Mimo, że Kamil "kamil" Kamiński nie zdołał ostatecznie wywalczyć sobie angażu we Fnatic Academy, to już teraz można uznać, że okres spędzony w GAMERZ nie był czasem straconym. Polski zawodnik nawiązał bowiem kilka znajomości, dzięki czemu od pewnego czasu występuje w nowym międzynarodowym składzie.

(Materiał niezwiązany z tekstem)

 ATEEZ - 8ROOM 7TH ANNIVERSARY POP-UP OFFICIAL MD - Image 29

W ekipie, poza Polakiem, znalazł się m.in. legendarny Jonatan "Devilwalk" Lundberg. Szwed w przeszłości sięgał wraz z Fnatic po najważniejsze trofea, także ma Majorze, ale od pewnego czasu znajdował się poza grą. Teraz jednak 27-latek powraca, gdyż, jak sam przyznaje w rozmowie z HLTV, nie skończył jeszcze swojej przygody z profesjonalnym graniem. Co ciekawe, sama koncepcja wspólnego zespołu początkowo wyszła od Devilwalk i kamila właśnie, a dopiero potem dokooptowano pozostałych zawodników.

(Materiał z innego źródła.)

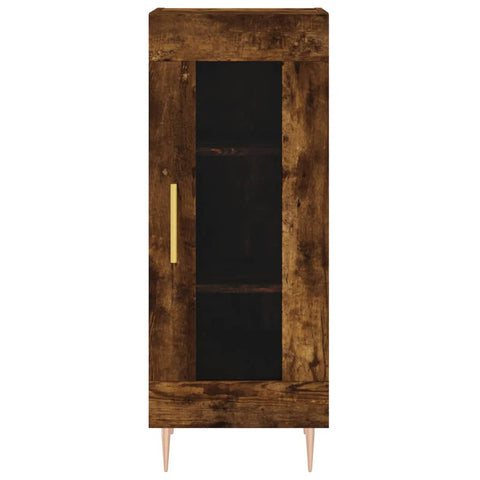 vidaXL Highboard Räuchereiche 34,5x34x180 cm Holzwerkstoff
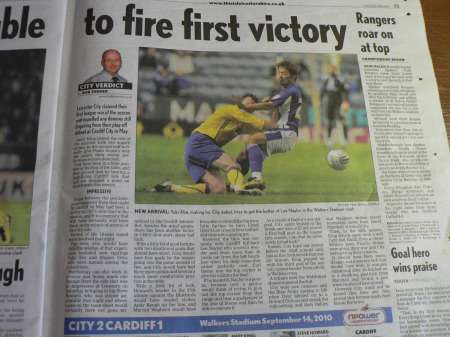 إحدى الصحف الأنكليزية أهتمت بالمشاركة الأولى للياباني آبي بالدوري الأنكليزي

– Razem z kamilem chcieliśmy stworzyć naszą drużynę i po przetestowaniu kilku graczy udało nam się ustalić ten skład pełen niesamowicie utalentowanych zawodników, którzy są gotowi pracować ciężko, by osiągnąć nasze cele – stwierdził Lundberg. – Czas spędzony w GAMERZ uświadomił mi, że moja gra jeszcze się nie skończyła. Fakt, że podczas eliminacji do DreamHack Valencia i ESL One Cologne nasz zespół zaprezentował się naprawdę dobrze i pokonał kilka uznanych ekip, udowodnił, iż tkwi w nas potencjał, nad którym możemy pracować. Jesteśmy niesamowicie zdeterminowani, by udowodnić naszą wartość i pracować, by osiągnąć cele, które założy nam nasza przyszła organizacja – dodał.

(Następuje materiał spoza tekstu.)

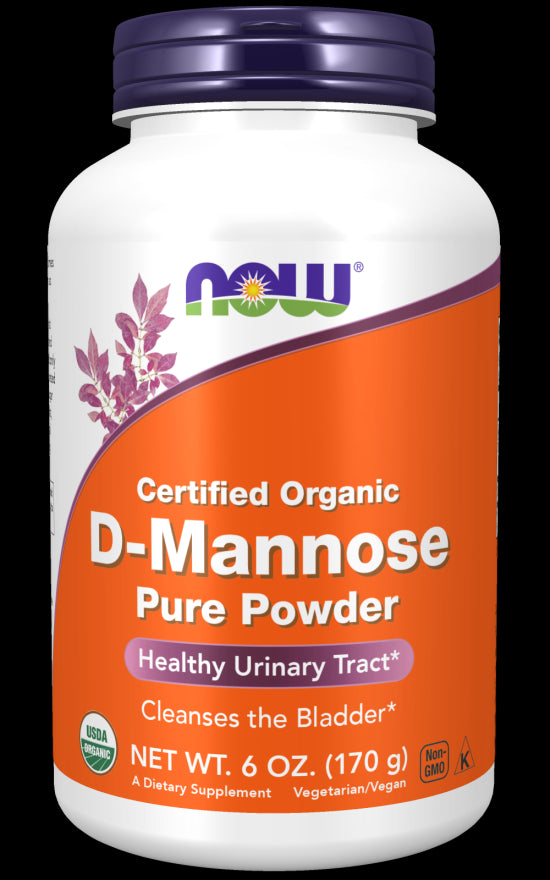 D - Mannose-Einfachzucker 170 g NOW FOODS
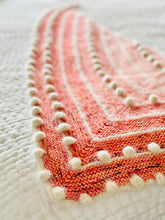 Load image into Gallery viewer, Orange Ombré Wrap With Bobbles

Drużyna Szweda i Polaka przybrała nazwę MAGICIANS i rozpoczęła już poszukiwania organizacji, która byłaby skłonna przyjąć ją pod swoje skrzydła. Ponadto nowy skład kilkukrotnie próbował już awansować na co poniektóre imprezy, ale dotychczas starania te kończyły się na etapie eliminacji.